FinPulse is an autonomous finance platform that uses machine learning and statistical programming to enhance the way business owners manage their finances. It offers bespoke machine learning-trained models to predict and forecast sales and income to help plan their business operations.
main.py: A graphical user interface (GUI) application built using Tkinter that allows users to load a dataset, load a pre-trained machine learning model, run predictions on the dataset, and visualize the results.
model.py: A script for training and saving machine learning models using the Walmart store sales dataset. The script uses Random Forest, XGBoost, and Gradient Boosting regressors to predict weekly sales.
The Dataset was split using the train_test_split function within the sklearn.model_selection library and then the RandomForest, XGB, and Gradient Booster models are created. The target variable was selected as the weekly sales, and all others except the full date string were chosen as the features. The full date was parsed into the seperate components for day, month, and year.
After the models are fit and tested, they are exported and saved so other computers may open the models as needed to run the models.
The ML models were created, trained, and fit in the model.py file, while a GUI was created to allow for interativity with the code, housed in the main.py file.
Due to the model being pre-trained, selecting the test_data.csv file selects the dataset to make predictions for the future. Both the dataset and the model must be selected. Once run, a grapgh can then be populated in the window, showing the predictions.
The trained models will be saved as rf_model.joblib, xgb_model.joblib, and gb_model.joblib. The script will print the Root Mean Squared Error (RMSE) for each model on the test set.
Load Dataset: Click the "Load Dataset" button to select a CSV file containing the financial dataset. Load Model: Click the "Load Model" button to select a pre-trained machine learning model (joblib or pkl format). Run Model: Click the "Run Model" button to make predictions on the loaded dataset using the selected model. Display Graph: Click the "Display Graph" button to visualize the predictions on a line plot.
Store: Int
Month: Int
Day: Int
Month: Int
Holiday_Flag: Binary (1 for holiday during the week, 0 for none)
Temprature: Float
Fuel Price: Float
CPI: Float
Unemployment: Float
The performance of the models heavily depends on the quality and relevance of the features in the dataset. If important features are missing or if the data is noisy, it can adversely impact the model's accuracy.
The models assume that the underlying patterns in the data remain relatively stable over time. If the financial data exhibits non-stationary behavior, the model may struggle to make accurate predictions.

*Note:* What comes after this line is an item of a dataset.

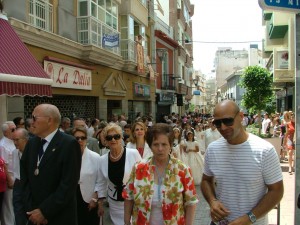 Procesión Corpus12-w1024-h1024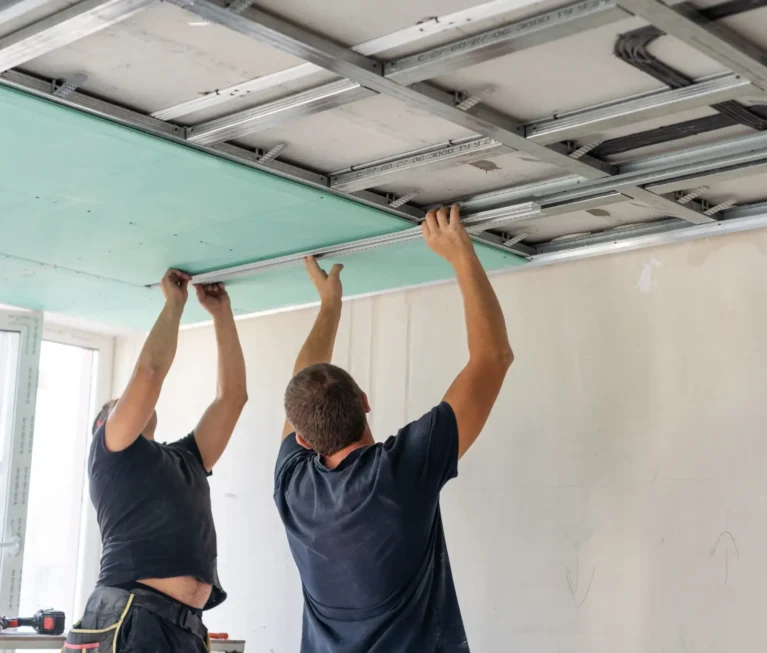 Mokdad Contracting (41)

The performance of the models can be sensitive to the choice of hyperparameters. The current hyperparameters used in the scripts might not be optimal for all datasets, and fine-tuning may be required for better results.
The models are evaluated based on the Root Mean Squared Error (RMSE) on the test set. While RMSE provides a measure of prediction accuracy, it might not capture all aspects of model performance, especially in scenarios with imbalanced data or outliers.
Random Forest, XGBoost, and Gradient Boosting models assume a certain level of linearity in the relationships between features and the target variable. If the underlying relationships are highly non-linear, these models may not capture them accurately.
Invest time in thorough feature engineering to identify and create relevant features that better capture the underlying patterns in the financial data.
Implement robust data preprocessing techniques to handle missing values, outliers, and scale features appropriately. This can enhance the models' ability to generalize to new data.
If the financial data exhibits time-dependent patterns, consider applying advanced time series analysis techniques or using specialized time series models for more accurate predictions.
Conduct a comprehensive hyperparameter tuning process using techniques like grid search or randomized search to find the optimal hyperparameters for the models.
Explore ensemble methods by combining predictions from multiple models. This can help mitigate the weaknesses of individual models and improve overall predictive performance.
Enhance model interpretability by using techniques such as SHAP (SHapley Additive exPlanations) values or LIME (Local Interpretable Model-agnostic Explanations) to understand and explain the model's predictions.
Experiment with regularization techniques to prevent overfitting, especially if the dataset is limited in size.
Implement a system for continuous monitoring of model performance and update the models as new data becomes available. This ensures that the models stay relevant over time.
If applicable, incorporate user feedback into the model training process to adapt the models to changing business conditions or user requirements.
Implement robust cross-validation strategies to get a better estimate of the model's generalization performance and reduce the risk of overfitting to the training data.